Mentors, Rescuers and Guardian Angels – the people who change us

Lately I’ve been thinking about the people who rescue us. The people who provide us with shelter or hope. The people with open hearts, who so generously give their time and wisdom and aid. In my life I’ve been blessed with a few of these people and lately I’ve been thinking a lot about one of them. Her name was Peggy.

She didn’t look like a guardian angel. She looked like a middle-aged woman with greying hair, slightly stout and stiff, but with a gentle smile that reached right into children’s hearts. She reached into mine – not an easy feat. I was a shy and guarded kid.

But the thing is, I was a stray kid and Peggy, bless her heart, took in strays. Horses, chickens, rabbits, cats and dogs, and also children. I needed a place to go, an escape, a safe place to ground me and someone to guide me and Peggy was willing to be that person.

She had horses and she taught riding lessons. I was longing to learn to ride, and when I had no money to pay for lessons she let me earn them by doing chores around her property. I fed her chickens, scooped up the manure, scrubbed water troughs, whatever chores she could come up with. And in turn, she taught me to ride horses.

And horses can be saviors for lost kids. They teach responsibility and humility, strength and patience. They teach athleticism and balance and listening. And they are almost magical in their beauty, which is why they capture the imagination of so many young girls, I think. They certainly captured mine. I lived and breathed horses when I was young and still love them today.

Peggy had a beautiful humility. When I tried to tell her what she meant to me she would brush it off or make a joke or, at her most sentimental, give me an awkward hug.
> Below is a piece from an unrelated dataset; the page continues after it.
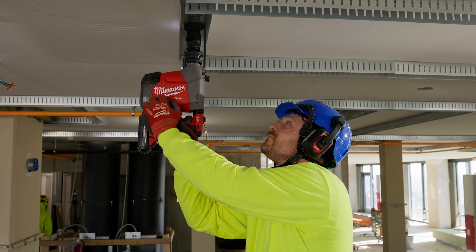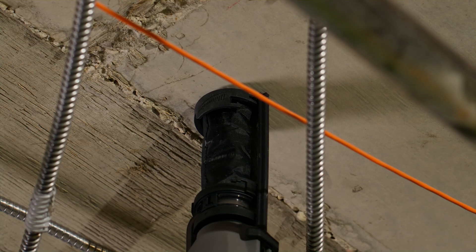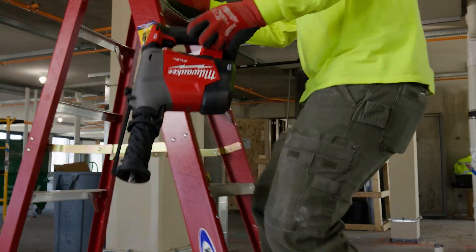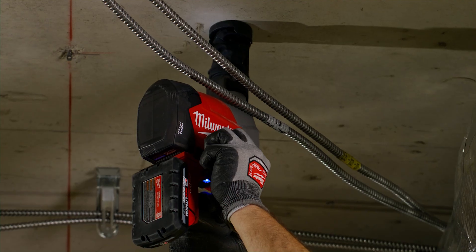I would recommend the overhead hammer to other electricians because it's lightweight and easy to use. The back's really nice, and the extra handle on the side makes it even easier. It's powerful, it's fast at drilling, and I don't think anything can really compete. This is the only hammer I'll use for all my overhead drilling.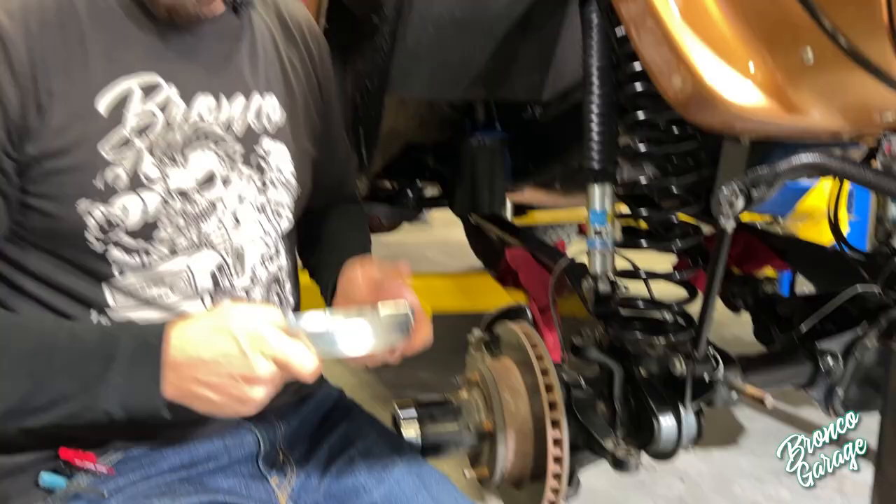It's time to go to the next step, which is removing the coil springs. And this is only if you're running a front Helwig sway bar. If you don't have that in place, you're not going to have any issues with anything colliding or getting in the way of each other. But when you're running the front sway bar, there's a bracket that sits underneath your lower coil retainer that's going to be right in the way of where your steering system needs to live.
I feel like I never really got to tell her how grateful I was.

I’m sure that for each life she touched, her legacy is different, but for me her presence was life-altering. Her kindness and her trust in me – to do chores unsupervised, to ride her horses, to teach lessons and lead trail rides as I got older – was the single most positive and important thing someone did for me growing up.

Peggy died far too young, from heart failure. Sometimes I wonder if all that love she gave just wore her out. Because how could such a big and generous heart betray her like that? Years later I still marvel at the sheer amount of love and kindness she gave me. I wish I’d known, long ago, just how precious and rare a gift it was.